KedaiPena.Com – Pemerintah Iran salah membaca karakter kepemimpinan Presiden Ameriksa Serikat (AS) Donald Trump yang tidak ‘play by the book‘ bagaimana hubungan internasional yang normal itu dilakukan.
Hal tersebut disampaikan oleh Analis konflik dan terorisme Timur Tengah, Alto Luger saat menanggapi konflik yang kembali memanas antara Iran dengan Amerika Serikat.

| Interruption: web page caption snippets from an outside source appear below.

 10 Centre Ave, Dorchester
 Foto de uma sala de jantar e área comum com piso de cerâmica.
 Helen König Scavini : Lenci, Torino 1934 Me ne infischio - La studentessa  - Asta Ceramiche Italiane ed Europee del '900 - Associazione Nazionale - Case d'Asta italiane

Penilaian itu disampaikan Alto menanggapi tewasnya Perwira militer senior Iran sekaligus komandan Iran Revolutionary Guard Corps Mayor Jenderal Qasem Soleimani, akibat dihantam roket Militer AS saat turun dari pesawat yang mendarat di Bandara Baghdad, Irak.
“Aksi yang dilakukan oleh Donald Trump itu unpredictable. Artinya orang sama sekali tak menduga bahwa ia melakukan peristiwa itu, yaitu tindakan yang di luar norma hubungan internasional. Karena figur yang dihantam itu salah satu pimpinan tertinggi di Iran,” kata Alto kepada wartawan, Selasa, (8/1/2020).
Menurut Alto, Soleimani salah membaca karakter kepemimpiman Trump. Pasalnya, Soleimani terlalu yakin bahwa tidak akan ditarget militer AS sehingga berani datang ke Baghdad secara terbuka.
“Dia pikir Trump itu seperti Obama yang apologetik, bahkan cenderung takut mengambil resiko. Trump bukan Obama. Dia menikmati chaos,” ujarnya.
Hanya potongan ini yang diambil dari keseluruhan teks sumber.